PROMPT: Using the records below, write out again exactly the lines that begin at the line containing "Saka Manor Hotel Buitenkant foto" and end at the line containing "Ciri Ciri Anak Kecanduan Gadget", and no other lines.

PROVIDED RECORDS Block Start

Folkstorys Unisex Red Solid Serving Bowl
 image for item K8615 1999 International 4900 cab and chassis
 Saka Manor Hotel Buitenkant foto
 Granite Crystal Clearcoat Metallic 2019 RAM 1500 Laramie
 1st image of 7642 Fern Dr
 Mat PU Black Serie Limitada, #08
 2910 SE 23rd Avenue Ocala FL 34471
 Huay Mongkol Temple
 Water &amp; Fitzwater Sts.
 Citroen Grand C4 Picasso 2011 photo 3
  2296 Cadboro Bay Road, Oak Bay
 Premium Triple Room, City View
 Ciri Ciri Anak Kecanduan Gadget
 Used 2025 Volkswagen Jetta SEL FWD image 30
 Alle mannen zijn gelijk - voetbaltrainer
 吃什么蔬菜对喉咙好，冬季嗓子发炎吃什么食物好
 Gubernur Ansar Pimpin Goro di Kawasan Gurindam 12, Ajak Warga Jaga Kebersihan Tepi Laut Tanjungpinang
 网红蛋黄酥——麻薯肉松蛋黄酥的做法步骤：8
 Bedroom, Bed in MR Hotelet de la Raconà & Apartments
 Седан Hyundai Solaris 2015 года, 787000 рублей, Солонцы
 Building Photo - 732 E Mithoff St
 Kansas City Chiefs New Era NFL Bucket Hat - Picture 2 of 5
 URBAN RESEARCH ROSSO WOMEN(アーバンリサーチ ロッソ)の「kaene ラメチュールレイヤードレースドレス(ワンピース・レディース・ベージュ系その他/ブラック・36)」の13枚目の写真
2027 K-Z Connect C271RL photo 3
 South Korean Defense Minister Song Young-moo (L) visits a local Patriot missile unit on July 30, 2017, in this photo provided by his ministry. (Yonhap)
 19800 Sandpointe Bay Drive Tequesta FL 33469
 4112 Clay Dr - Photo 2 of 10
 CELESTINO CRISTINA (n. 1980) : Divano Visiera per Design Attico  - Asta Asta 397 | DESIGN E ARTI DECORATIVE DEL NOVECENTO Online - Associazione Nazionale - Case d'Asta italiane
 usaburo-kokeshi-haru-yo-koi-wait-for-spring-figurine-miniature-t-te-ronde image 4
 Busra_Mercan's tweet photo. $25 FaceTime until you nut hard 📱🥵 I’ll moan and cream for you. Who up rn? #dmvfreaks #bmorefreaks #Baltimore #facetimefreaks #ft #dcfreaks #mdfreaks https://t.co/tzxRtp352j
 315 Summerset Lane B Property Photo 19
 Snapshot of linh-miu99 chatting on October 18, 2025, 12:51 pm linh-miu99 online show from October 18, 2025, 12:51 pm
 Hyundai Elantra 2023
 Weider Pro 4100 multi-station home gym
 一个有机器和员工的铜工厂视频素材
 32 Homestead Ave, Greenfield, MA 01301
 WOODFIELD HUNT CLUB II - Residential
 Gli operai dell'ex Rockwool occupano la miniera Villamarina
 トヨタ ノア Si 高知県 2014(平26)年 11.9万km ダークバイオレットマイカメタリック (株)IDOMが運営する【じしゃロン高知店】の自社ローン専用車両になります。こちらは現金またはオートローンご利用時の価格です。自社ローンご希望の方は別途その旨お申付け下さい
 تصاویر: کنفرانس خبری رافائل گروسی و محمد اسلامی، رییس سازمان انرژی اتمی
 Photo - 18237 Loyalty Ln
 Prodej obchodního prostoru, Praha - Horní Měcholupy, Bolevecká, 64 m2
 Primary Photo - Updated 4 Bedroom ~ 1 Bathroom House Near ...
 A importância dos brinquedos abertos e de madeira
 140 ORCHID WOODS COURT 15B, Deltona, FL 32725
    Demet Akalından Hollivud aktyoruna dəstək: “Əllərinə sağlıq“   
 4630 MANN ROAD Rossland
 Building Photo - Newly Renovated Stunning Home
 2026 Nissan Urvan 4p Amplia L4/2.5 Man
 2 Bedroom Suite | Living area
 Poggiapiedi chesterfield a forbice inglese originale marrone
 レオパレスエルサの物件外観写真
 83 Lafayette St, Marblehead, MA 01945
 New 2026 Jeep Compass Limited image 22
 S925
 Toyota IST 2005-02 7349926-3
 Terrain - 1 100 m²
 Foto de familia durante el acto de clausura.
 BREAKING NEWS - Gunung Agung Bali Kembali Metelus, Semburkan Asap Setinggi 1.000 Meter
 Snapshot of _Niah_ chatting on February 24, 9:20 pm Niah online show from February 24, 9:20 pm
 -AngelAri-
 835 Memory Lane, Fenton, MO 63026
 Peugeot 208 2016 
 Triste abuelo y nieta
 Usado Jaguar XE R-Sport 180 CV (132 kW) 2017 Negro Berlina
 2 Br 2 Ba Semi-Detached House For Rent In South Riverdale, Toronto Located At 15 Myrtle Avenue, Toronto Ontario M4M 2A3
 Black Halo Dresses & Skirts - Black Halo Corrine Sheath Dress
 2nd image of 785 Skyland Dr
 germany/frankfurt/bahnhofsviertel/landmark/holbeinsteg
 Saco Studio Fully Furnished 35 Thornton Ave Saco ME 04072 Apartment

PROVIDED RECORDS Block End

TASK RESULT:
 Saka Manor Hotel Buitenkant foto
 Granite Crystal Clearcoat Metallic 2019 RAM 1500 Laramie
 1st image of 7642 Fern Dr
 Mat PU Black Serie Limitada, #08
 2910 SE 23rd Avenue Ocala FL 34471
 Huay Mongkol Temple
 Water &amp; Fitzwater Sts.
 Citroen Grand C4 Picasso 2011 photo 3
  2296 Cadboro Bay Road, Oak Bay
 Premium Triple Room, City View
 Ciri Ciri Anak Kecanduan Gadget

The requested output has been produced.